Available records:

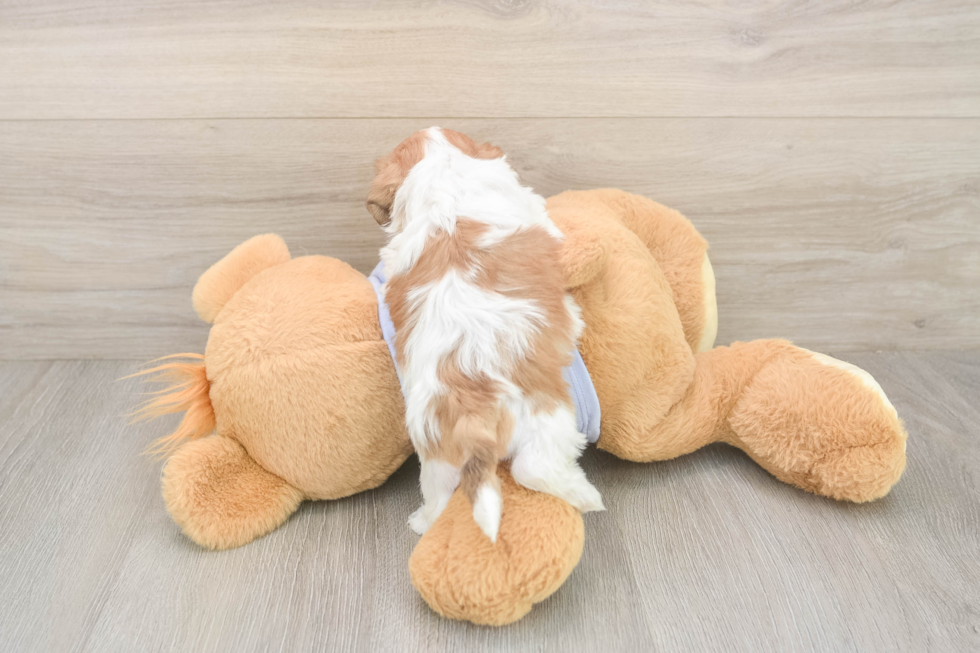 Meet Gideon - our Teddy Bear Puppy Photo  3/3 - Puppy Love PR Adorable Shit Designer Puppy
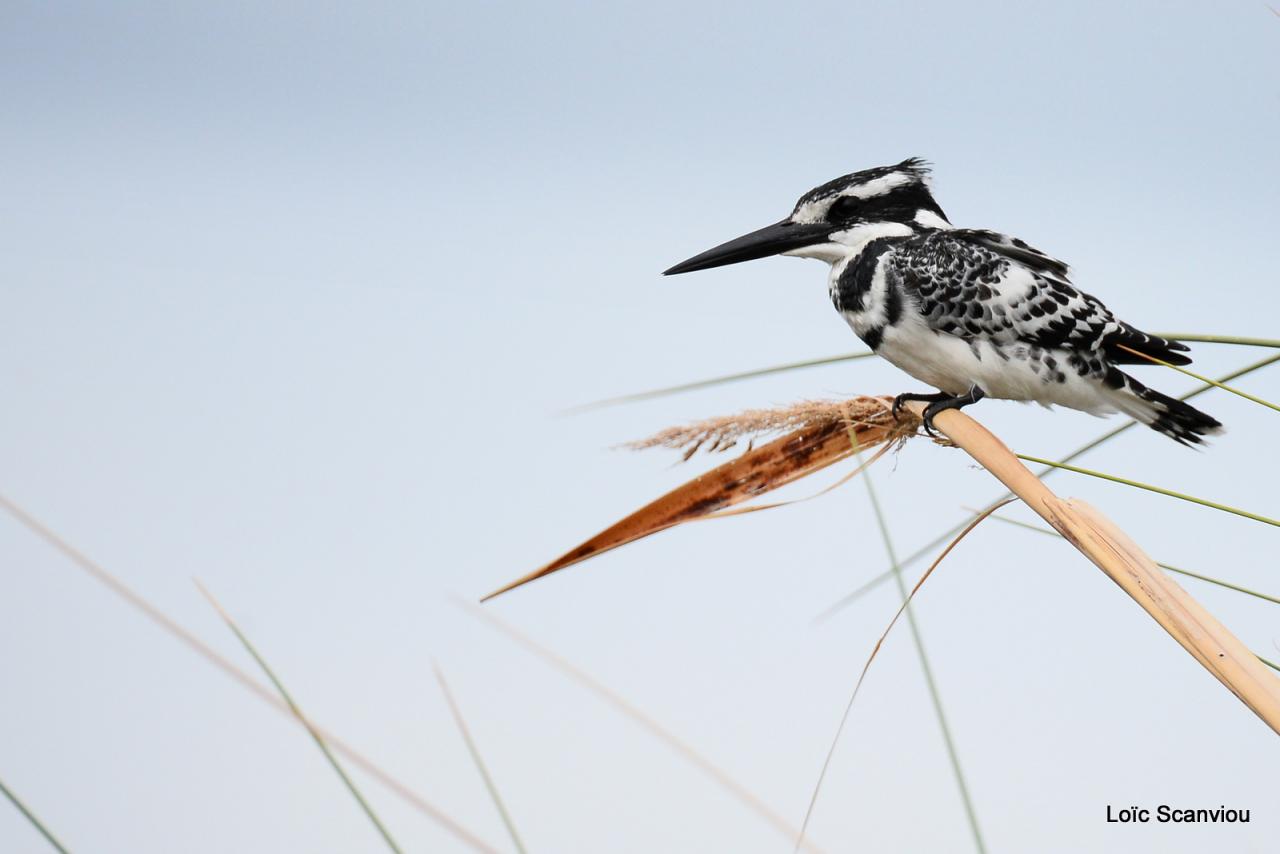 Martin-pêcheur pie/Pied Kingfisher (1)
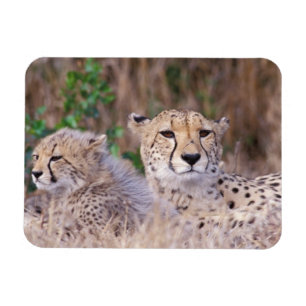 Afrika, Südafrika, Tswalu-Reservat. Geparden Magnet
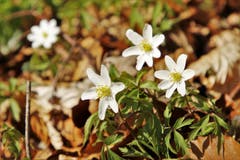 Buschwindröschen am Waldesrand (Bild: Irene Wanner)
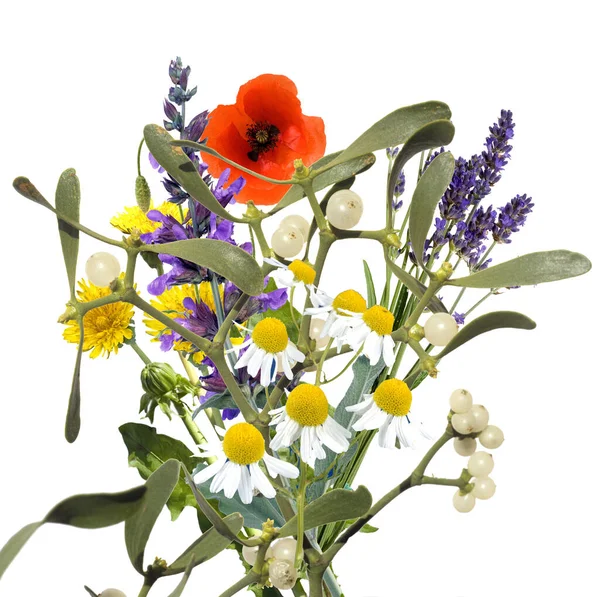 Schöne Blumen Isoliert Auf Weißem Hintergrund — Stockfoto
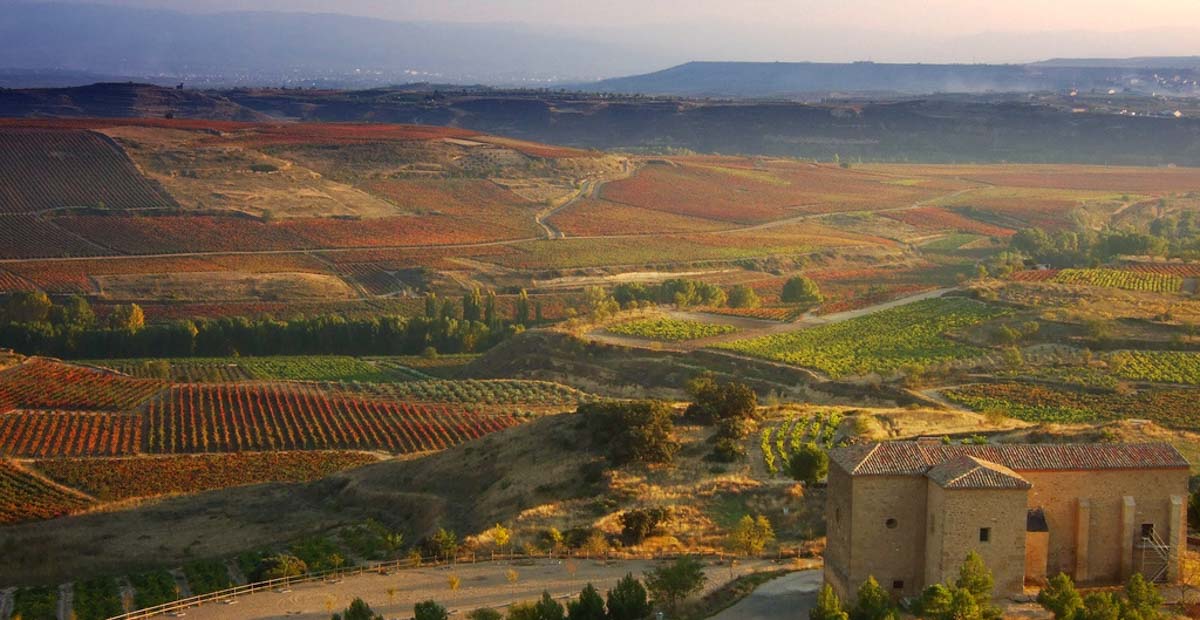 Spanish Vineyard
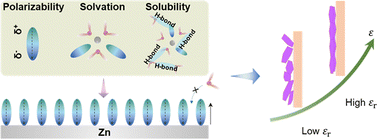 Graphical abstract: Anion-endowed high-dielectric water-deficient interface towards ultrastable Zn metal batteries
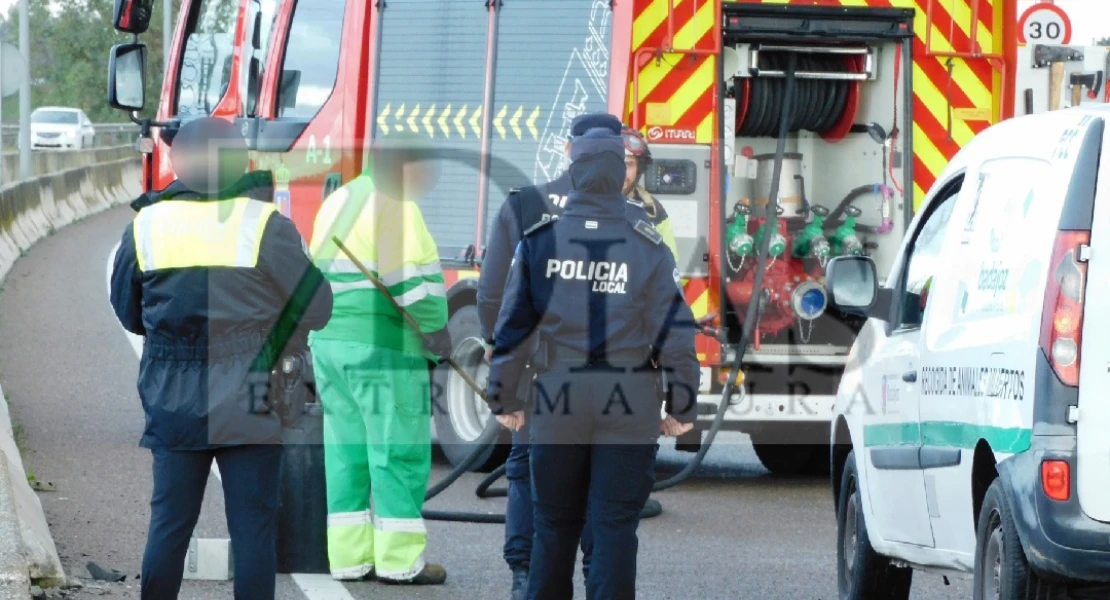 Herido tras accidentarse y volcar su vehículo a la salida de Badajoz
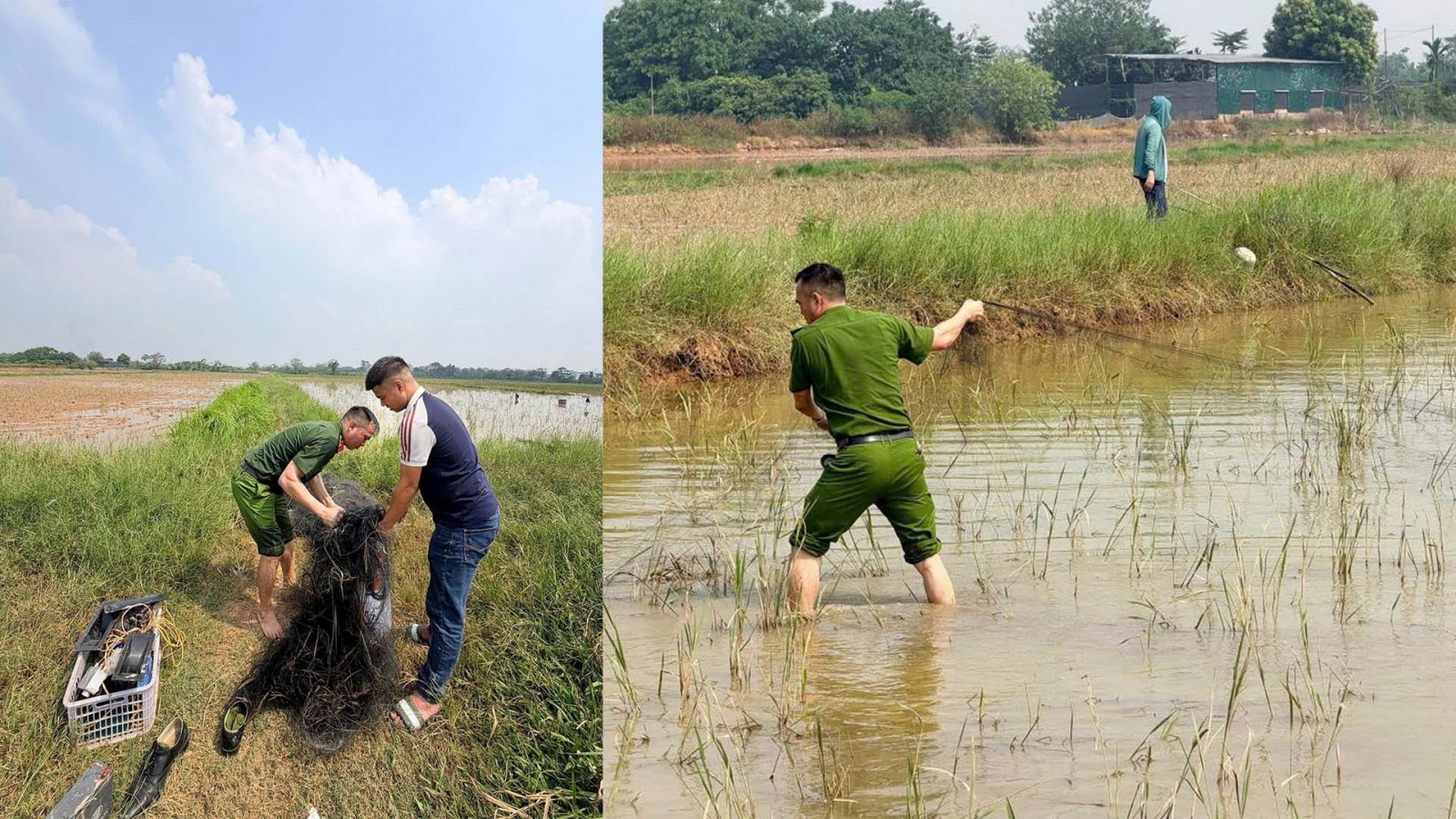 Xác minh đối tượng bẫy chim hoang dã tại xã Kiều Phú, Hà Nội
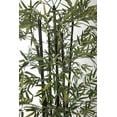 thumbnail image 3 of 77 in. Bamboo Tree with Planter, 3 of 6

Problem to solve: These lines alone form the answer: the one containing "Spanish Vineyard" and every line after it through the end of the material, exactly as written, pictures left out.

Exercise response:
 Spanish Vineyard
 Graphical abstract: Anion-endowed high-dielectric water-deficient interface towards ultrastable Zn metal batteries
 Herido tras accidentarse y volcar su vehículo a la salida de Badajoz
 Xác minh đối tượng bẫy chim hoang dã tại xã Kiều Phú, Hà Nội
 thumbnail image 3 of 77 in. Bamboo Tree with Planter, 3 of 6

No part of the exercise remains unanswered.